[Supplied data — start]

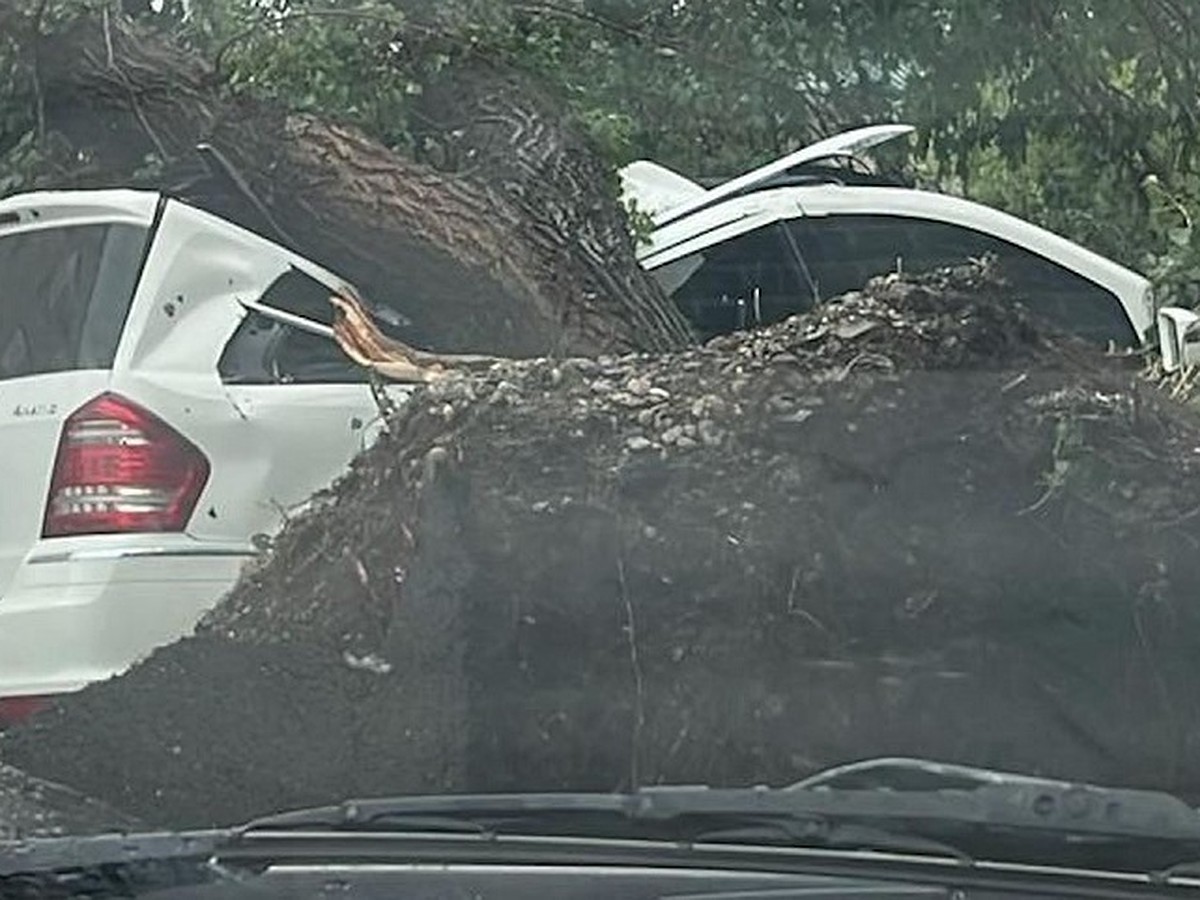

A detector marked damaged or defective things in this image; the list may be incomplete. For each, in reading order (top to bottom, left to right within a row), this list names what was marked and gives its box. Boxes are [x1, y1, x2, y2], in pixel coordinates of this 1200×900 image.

crushed white car [0, 192, 412, 720]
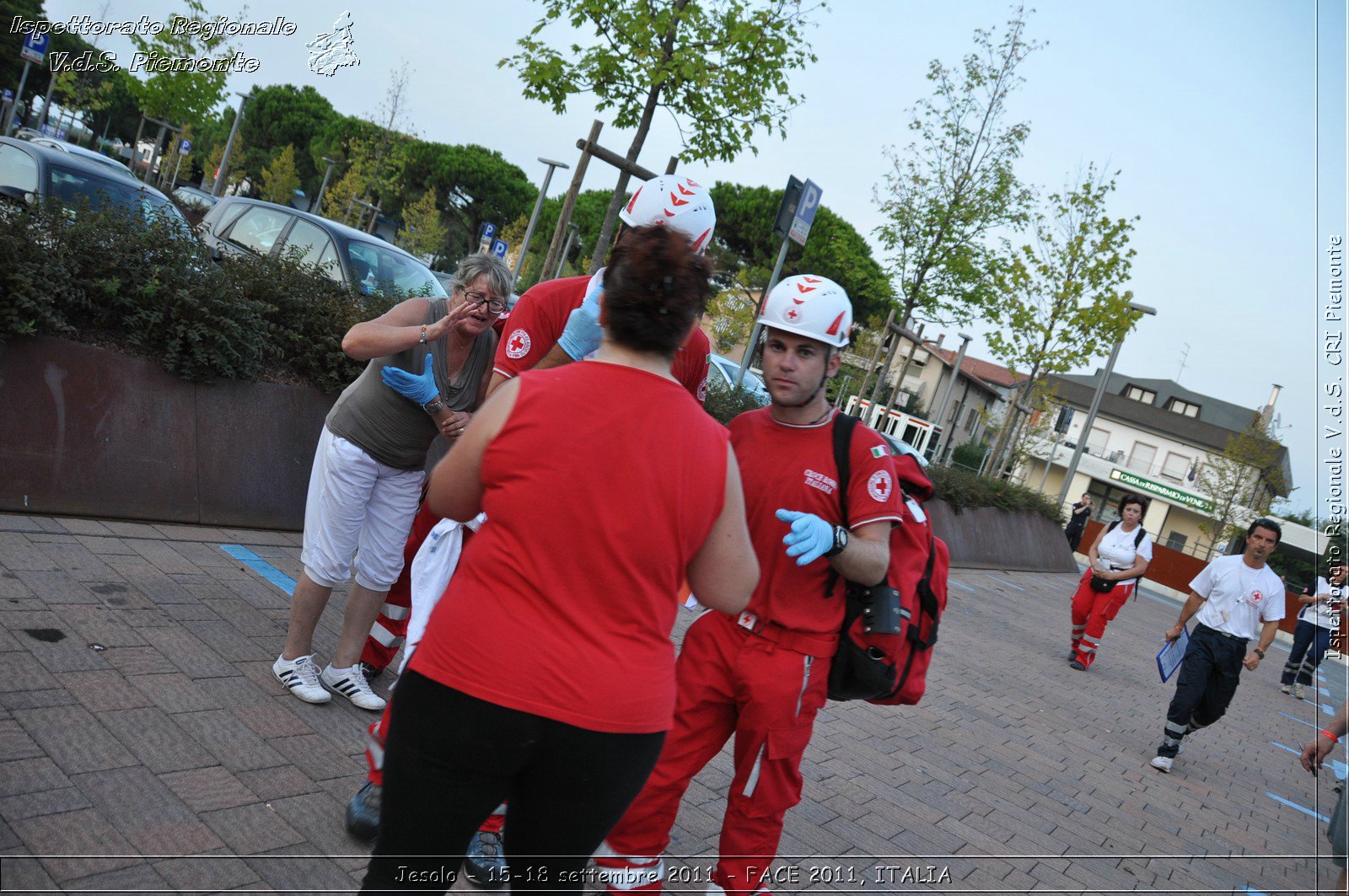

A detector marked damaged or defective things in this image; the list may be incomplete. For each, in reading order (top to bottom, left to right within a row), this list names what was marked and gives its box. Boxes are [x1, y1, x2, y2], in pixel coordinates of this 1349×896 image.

rusty metal planter wall [0, 335, 334, 531]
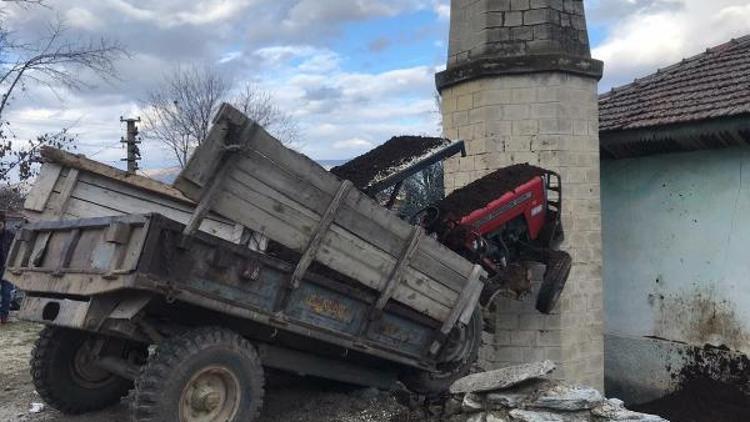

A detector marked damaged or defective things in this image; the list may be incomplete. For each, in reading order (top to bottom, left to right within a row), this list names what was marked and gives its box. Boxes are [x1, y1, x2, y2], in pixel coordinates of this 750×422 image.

broken concrete rubble [406, 362, 668, 422]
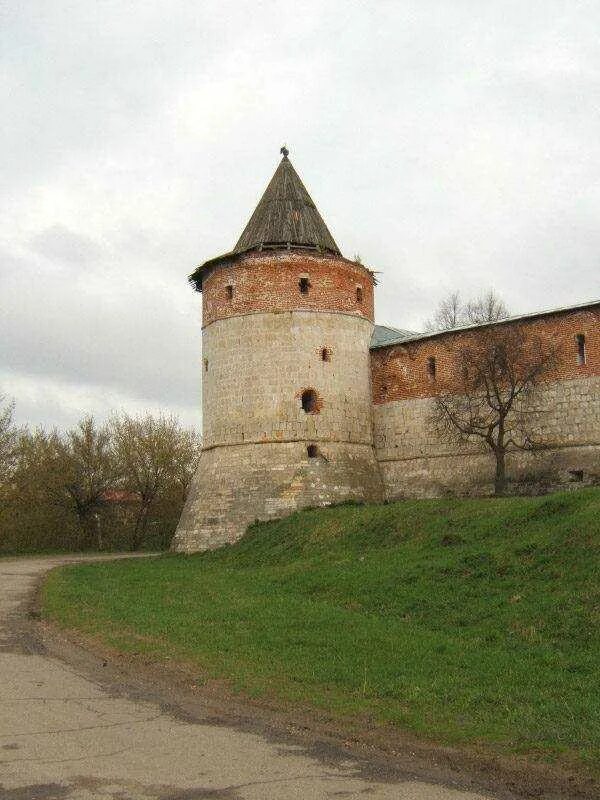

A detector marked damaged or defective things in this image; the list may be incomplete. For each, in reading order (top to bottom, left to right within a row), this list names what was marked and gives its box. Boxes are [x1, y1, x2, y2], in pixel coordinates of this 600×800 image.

cracked pavement [0, 560, 492, 800]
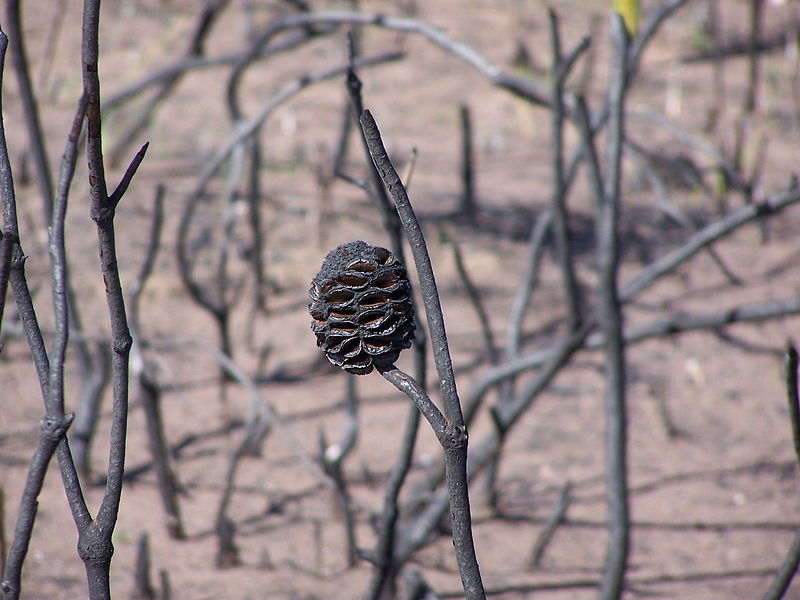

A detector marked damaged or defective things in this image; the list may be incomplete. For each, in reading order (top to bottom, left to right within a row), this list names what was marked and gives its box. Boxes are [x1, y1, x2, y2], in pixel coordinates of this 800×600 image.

charred seed cone [310, 240, 416, 376]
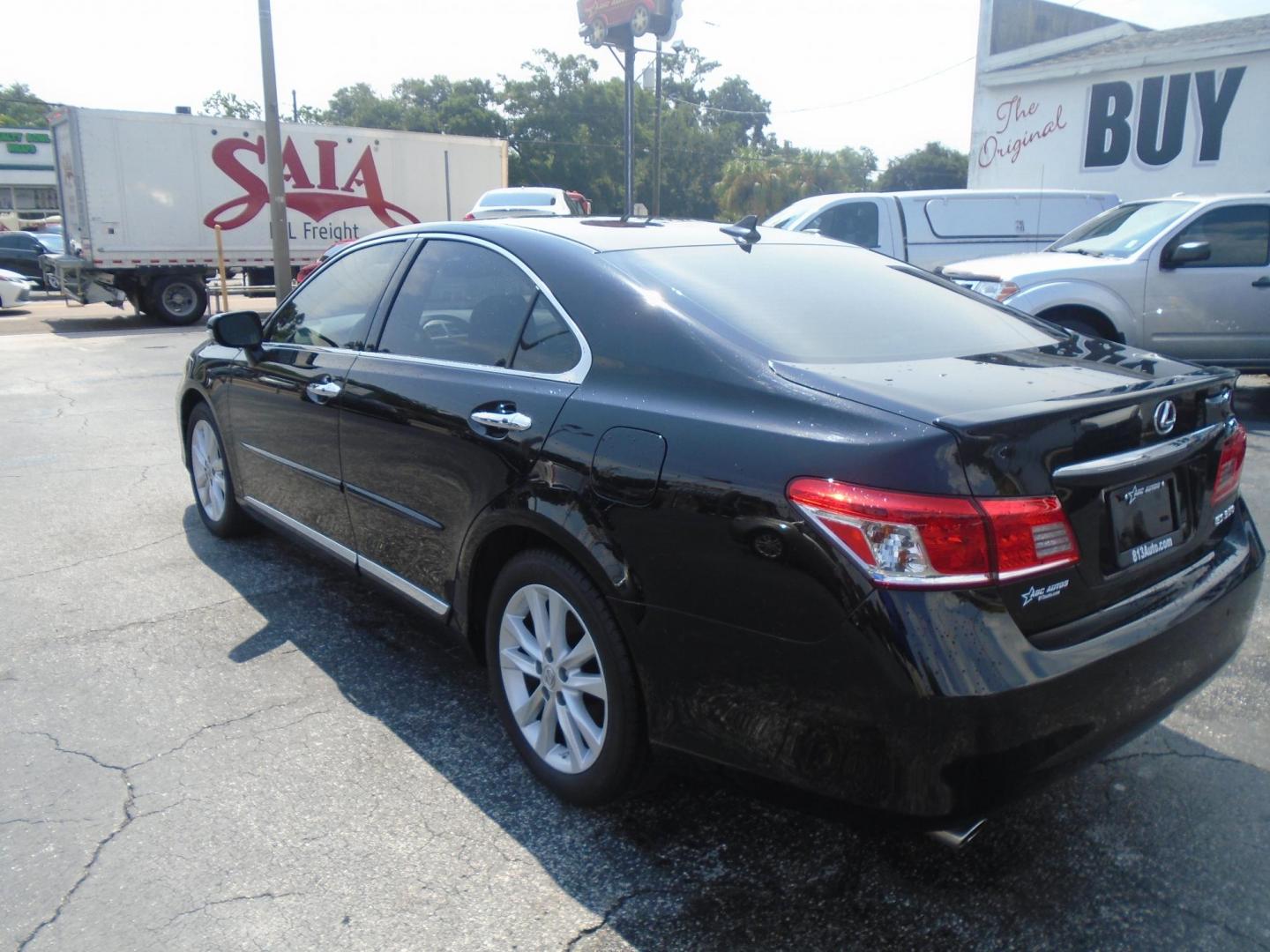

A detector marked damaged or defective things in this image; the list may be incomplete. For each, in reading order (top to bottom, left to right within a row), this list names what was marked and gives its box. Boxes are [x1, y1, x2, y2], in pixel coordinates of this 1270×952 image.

crack in pavement [0, 532, 185, 586]
crack in pavement [153, 893, 299, 929]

[Supplied data — finish]

» **What to do**
The lines from the one holding "this 600×800 image." through the end of the material above are to be echoed exactly, both ends included. Do not include pictures.

» **Reply**
A detector marked damaged or defective things in this image; the list may be incomplete. For each, in reading order (top to bottom, left to right within a row), this list names what was marked and gives its box. Boxes are [x1, y1, x2, y2], in pixel coordinates of this 600×800 image.

cracked pavement [0, 560, 492, 800]

A detector marked damaged or defective things in this image; the list may be incomplete. For each, in reading order (top to bottom, left to right within a row), this list names what was marked and gives its box. Boxes are [x1, y1, x2, y2], in pixel coordinates of this 800×600 image.

charred seed cone [310, 240, 416, 376]

A detector marked damaged or defective things in this image; the list may be incomplete. For each, in reading order (top to bottom, left to right within a row), this list names what was marked and gives its box. Boxes are [x1, y1, x2, y2], in pixel coordinates of this 1270×952 image.

crack in pavement [0, 532, 185, 586]
crack in pavement [153, 893, 299, 929]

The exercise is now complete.